BBC joins the cycling debate


BBC London's magazine show Inside Out last night featured an item on Lycra Louts. You can see it again on BBC's iPlayer for the next seven days.

As you'd expect, it's all very fuzzy and never quite knows what it's complaining about. Like the local-paper letter writer with their green biro, it just splutters vague cliches: things have gone too far, the pendulum's swung the other way, something must be done.

Jumping red lights? They produce no evidence that this causes accidents. In fact, a recent study did not particularly show that such behaviour causes accidents.

There are many places where jumping red lights - oh, alright then, getting off your bike and remounting just the other side of the red lights which is perfectly legal and achieves the same effect - is the only safe thing to do. London Road, near the Elephant, is an example.

In the programme they show a Kensington cyclist pulled up by the police for jumping a red. He politely explains that there was nobody on the crossing and no traffic. Now, we know that vehicles in ASLs never get nicked. It's because the police think the penalty is too harsh - sixty quid and three points - for a trivial offence. But here are cyclists getting done, because it's only thirty quid and that's OK.

Why, when we know that vehicles kill people and bicycles don't? Well, as the programme explains, it's because residents help police set priorities. The problem being that the meetings where these are decided take place at times like 10am on Thursday mornings, when only a certain chippy type of retired resident is likely to be able attend. At least, as recent experience in the City shows, such priorities can be reversed by simply turning up. (Luckily, such times are convenient for unemployable cycle bloggers.)

So was the programme's complaint about pavement cycling? Partly. They interview the mother of a child who was hit by a pavement cyclist. I'd be pretty pissed off, like her, if that had happened to me. Pavement cycling is at best terrible PR, and at worst very rude and mildly dangerous and people shouldn't do it. Or at least not when there's anybody about, particularly a film crew. But then I nearly get killed once a week on average by buses and taxis flouting the law, and bugger all gets done about that, except for form email responses.

Of course, the programme can't come up with any figures to show how bad the Pavement Menace is. There aren't any, because it's a problem mostly created in the pages of silly newspapers and the minds of silly people. The only figure it comes up with is Westminster Council's estimate that '1 in 5' cyclists 'flout the law', whatever that's supposed to mean. Well, 1 in 5 drivers are said to be uninsured in London, and I know which pose the greater danger. They talk about 'zero tolerance'. Why not for all road users, then?

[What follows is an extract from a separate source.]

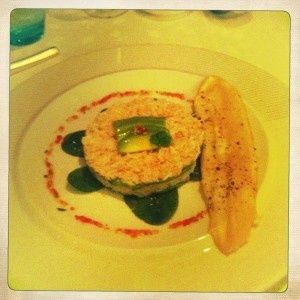 Millefeuille de crabe et avocat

And, inevitably, they visit Critical Mass, an event many Real Cyclists are ambivalent about, and show images of people honking trumpets and blocking the traffic, rather forgetting that traffic itself blocks traffic on Friday evenings in London pretty effectively.

And they didn't manage to get anyone to put the cyclists' case effectively. They got someone in fancy dress at CM (of course) and Tom Bogdanowicz from the LCC, who always has the worried look of a politician who's left his laptop on the train. They should have tracked down the Waltham Forest blogger and interviewed them alongside anti-cyclist Councillor Angela Harvey, who also features in the video, evidently on her way to the theatre. That'd be worth watching.

Oh well. Watch it and smile wryly.

22 February 2010

Strange ways in Tower Hamlets: Horseferry Rd contraflow


What would you do here? You're a bit east of Tower Bridge, and heading east on Narrow St towards Limehouse Basin (pic 1, right).


Well, you'd turn left, obviously, into Spert St. You can see that the road ahead is no entry, and two signs point you left. And you never disobey a traffic sign.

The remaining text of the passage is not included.